YES, from a feminist perspective, reproductive surrogacy is human trafficking

Press Release
Revision of the European Directive on the Prevention of Trafficking in Human Beings

30 April 2024

The Directive of the European Parliament and of the Council amending Directive 2011/36/EU on preventing and combating trafficking in human beings, and protecting victims is a necessary and useful text, but it is not enough.
Important additions have been made to the 2011 text: support for victims regardless of their country of origin; identification of the root causes – including poverty, conflict and inequality – that make people, especially women and children, vulnerable to trafficking;

It clarifies that gender discrimination exacerbates trafficking.
It emphasises the need to take into account the views of children and to adopt a victim-centred approach.
The inclusion of new practices related to trafficking, including surrogate motherhood, is very useful.

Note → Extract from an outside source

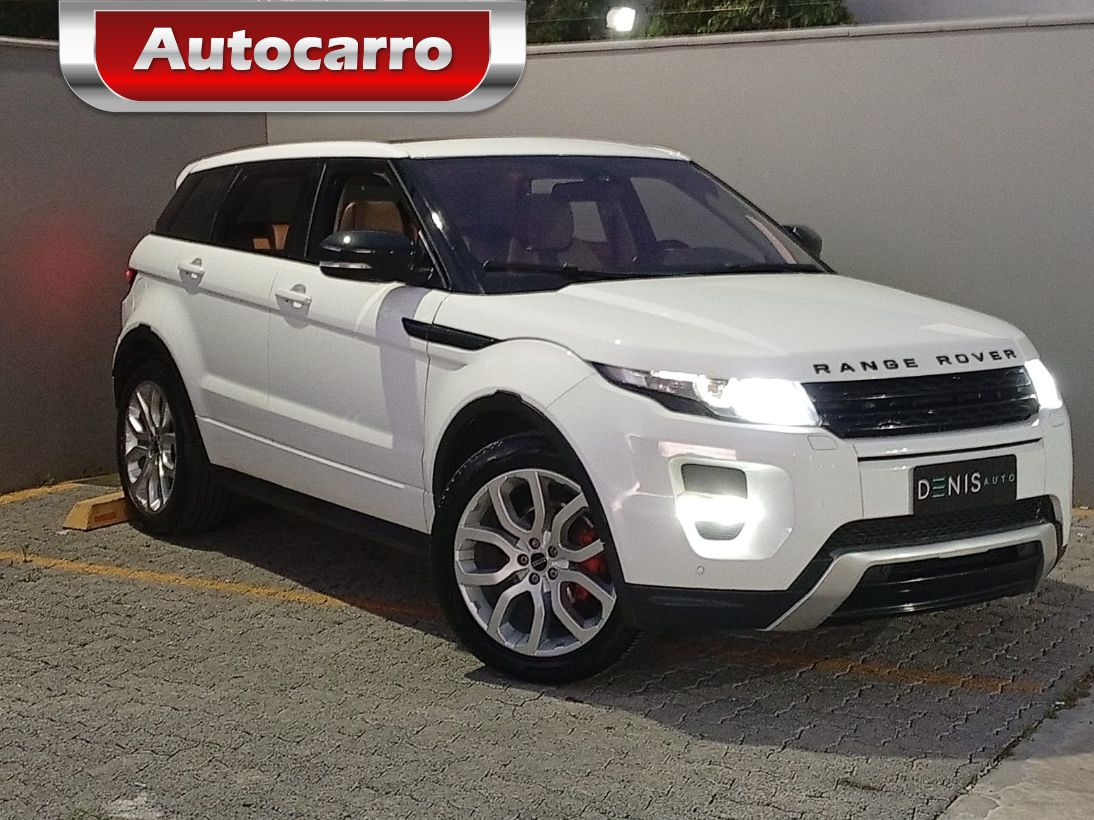 LAND ROVER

However, the text is surprising, not to say worrying, in its incompleteness regarding “surrogate motherhood”. The clumsy wording suggests that surrogacy is not trafficking. The wording chosen, “exploitation of surrogacy”, is confusing and could imply the existence of surrogacy that does not exploit women and surrogacy that does exploit women, with the latter being the one to be prosecuted.

However, given the definition of trafficking (Palermo Protocol), women recruited as “surrogate mothers” are both deceived and coerced, so all surrogacy is trafficking, no matter what term is used to mitigate the violence.

DECEPTION. “Surrogate mothers are recruited deceptively, assured that they will not be the mother of the child they will carry for nine months and that this child will not be sold. Lies exposed by the fact that all surrogates have to renounce their parentage.

COERCION. Surrogate mothers are recruited by means of coercion, be it psychological, familial, social (based on the sexist stereotype that women are generous and ready to sacrifice for any third party) and, above all, economic, since retribution or compensation is an important incentive for them to become surrogate mothers.

The European legislator seems to have forgotten that, according to the Palermo Protocol, “the consent of a victim of trafficking in human beings to exploitation, whether intended or actual, shall be irrelevant where any of the means referred to in paragraph 1 have been used”, i.e. deception and coercion.

Without fear of contradiction, the legislator once again forgets that, from the point of view of children, their best interests cannot lie in being conceived with the aim of being separated from their mother at birth.

However, this directive must ensure that both the EU and the Member States put in place effective means of preventing and combating trafficking, and in particular means of informing and protecting women at risk of becoming victims of trafficking for the purpose of surrogacy.

Until the EU has the courage to protect children who are victims of the surrogacy trade, which has been practised on European soil for more than 15 years.